Task description —
Restate, exactly as written, the entries below from the line that holds "You have the frequency, you" through the line that holds "When we equate". Pictures are not part of the copy.

Information shown —
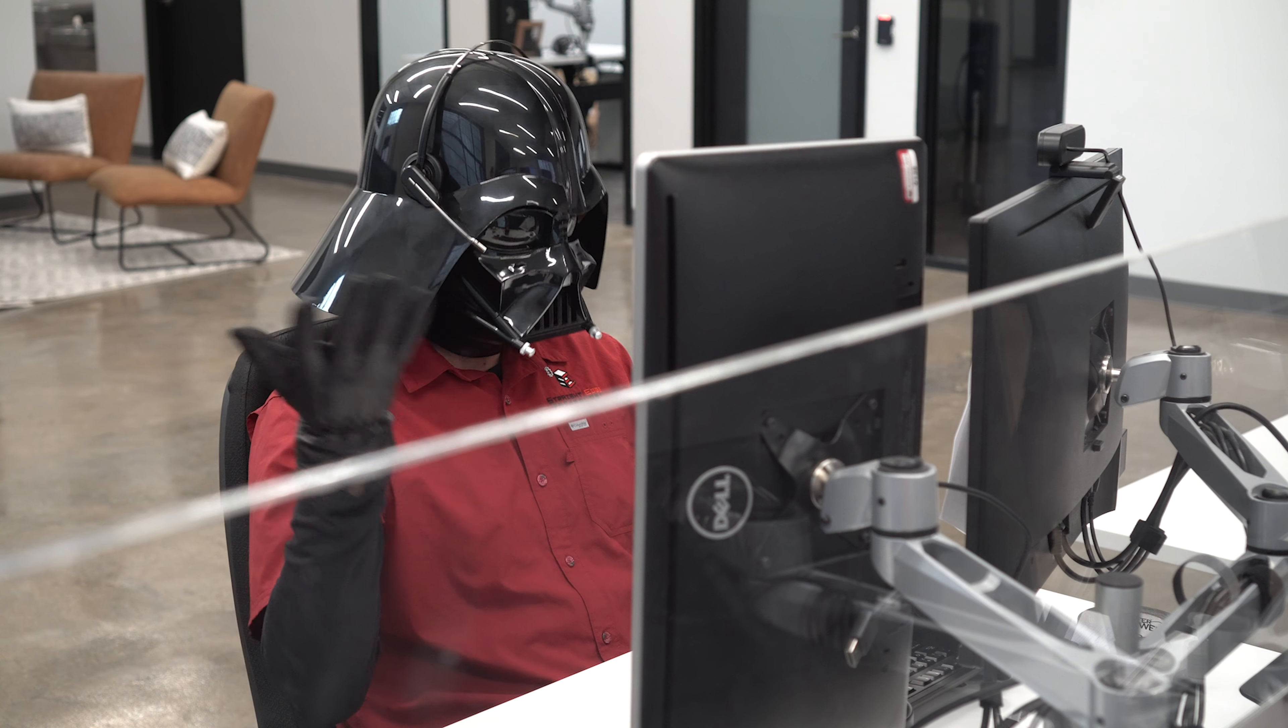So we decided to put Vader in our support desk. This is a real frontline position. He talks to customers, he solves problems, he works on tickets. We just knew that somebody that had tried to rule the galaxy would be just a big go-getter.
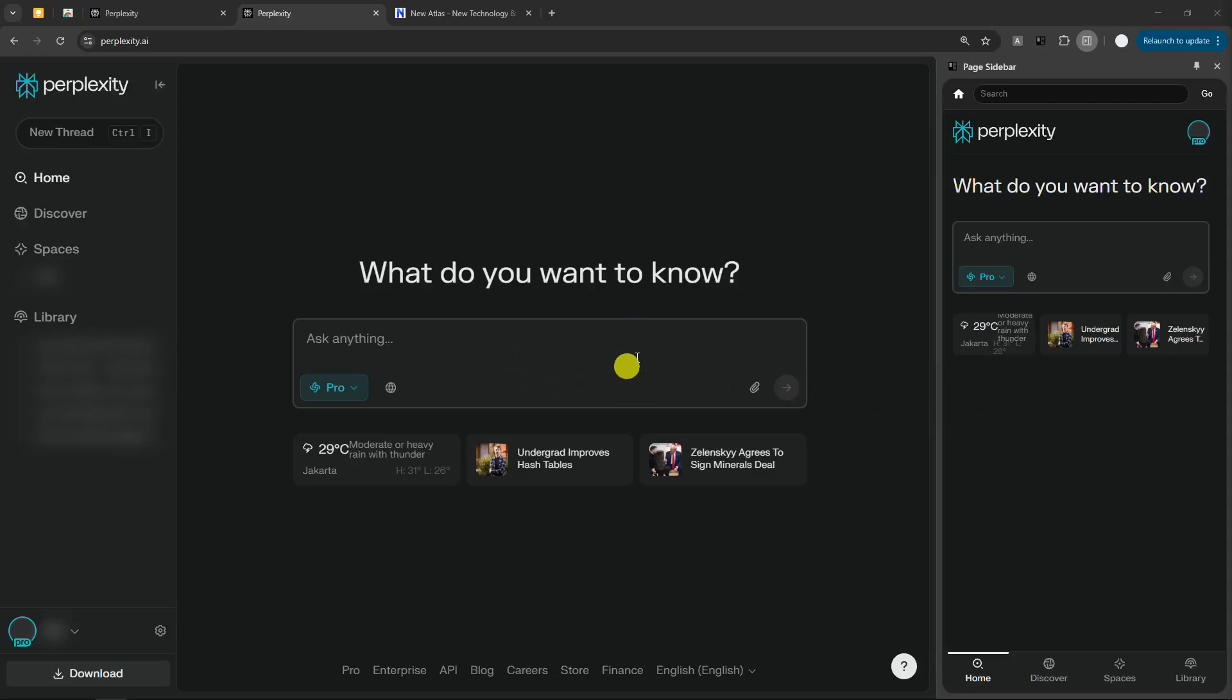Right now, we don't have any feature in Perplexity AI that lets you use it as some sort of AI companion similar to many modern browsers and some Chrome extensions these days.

* * *

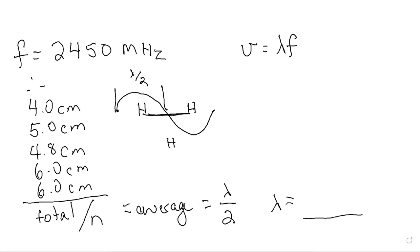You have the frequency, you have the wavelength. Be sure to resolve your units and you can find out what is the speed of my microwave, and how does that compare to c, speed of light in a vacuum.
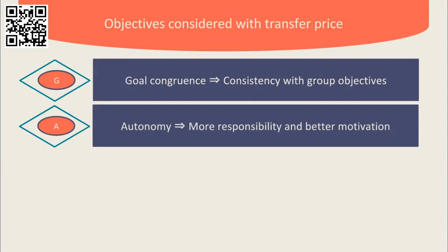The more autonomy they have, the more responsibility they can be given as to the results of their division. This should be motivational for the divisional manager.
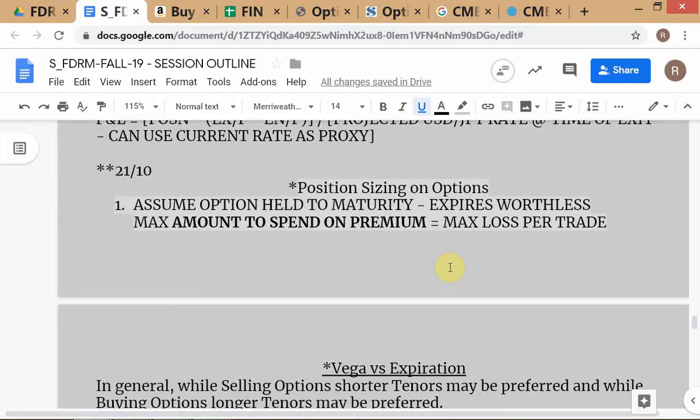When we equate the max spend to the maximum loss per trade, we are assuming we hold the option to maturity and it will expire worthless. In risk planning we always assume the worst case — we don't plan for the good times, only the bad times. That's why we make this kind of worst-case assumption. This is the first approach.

Task response —
You have the frequency, you have the wavelength. Be sure to resolve your units and you can find out what is the speed of my microwave, and how does that compare to c, speed of light in a vacuum.
The more autonomy they have, the more responsibility they can be given as to the results of their division. This should be motivational for the divisional manager.
When we equate the max spend to the maximum loss per trade, we are assuming we hold the option to maturity and it will expire worthless. In risk planning we always assume the worst case — we don't plan for the good times, only the bad times. That's why we make this kind of worst-case assumption. This is the first approach.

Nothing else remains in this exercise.